Magona has written over a 120 children’s books, including: The Best Meal Ever and Skin We Are In and Her awards include include Honorary Doctorates from Hartwick College, USA; Rhodes University; and Nelson Mandela University; and the Order of iKhamanga.

My writing, on the whole, is my response to current social ills, injustice, misrepresentation, deception – the whole catastrophe that is the human existence. Sindiwe Magona

Next Up, the third novel : The Mothers by Brit Bennett

The Mother by Yvvette Edwards

Mothers in Literature

I had long wished to read Yvvette Edwards second novel, The Mother (2016) after very much enjoying her Booker longlisted A Cupboard Full of Coats (2011). I decided to read it alongside two novels on my shelf with similar themes of the bonds, burdens and breakthroughs of motherhood.

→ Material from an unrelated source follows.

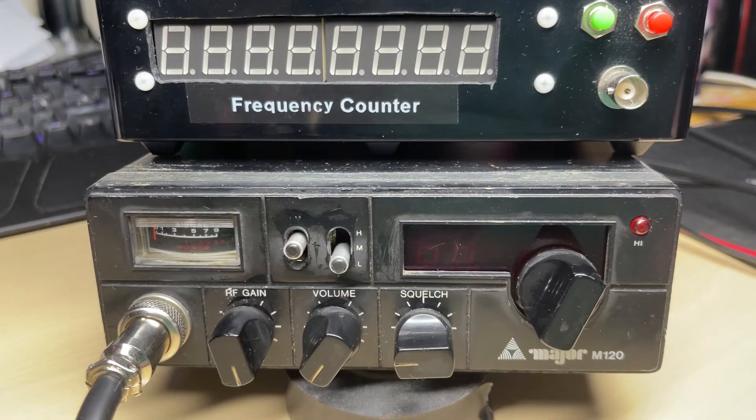Hello and welcome to this episode of Microchips. In this episode we're having a look at this very battered Maycom M120 and we'll be seeing if we can fit my PIC-based PLL modification into it. So let's get started.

The three novels I chose are set in different countries and contexts: The Mother by Yvvette Edwards (UK) is set in London’s Caribbean community, Mother to Mother by Sindiwe Magona is set in apartheid-era South Africa, and The Mothers by Brit Bennett is set in contemporary Black America.

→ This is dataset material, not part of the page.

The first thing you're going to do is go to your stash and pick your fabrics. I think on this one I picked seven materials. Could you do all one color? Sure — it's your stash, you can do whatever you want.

Sindiwe Magona has written numerous novels; however I have read and reviewed her autobiographies To My Children’s Children (1990) and Forced to Grow (1992), while Brit Bennett is well known for her novel that addresses the theme of passing, The Vanishing Half (2020).

The Complexity of Motherhood

All three novels expose motherhood as fraught with social pressure, moral judgment, and emotional complexity. Despite the different settings, they collectively form a global conversation about motherhood, resilience, and the human cost of structural and racial inequality.

3 novels of mothers and motherhooh The Mother Yvvette Edwards Mother to Mother Sindiwe Magona The Mothers Brit Bennett

In The Mother, Marcia grapples with grief and guilt after the murder of her son.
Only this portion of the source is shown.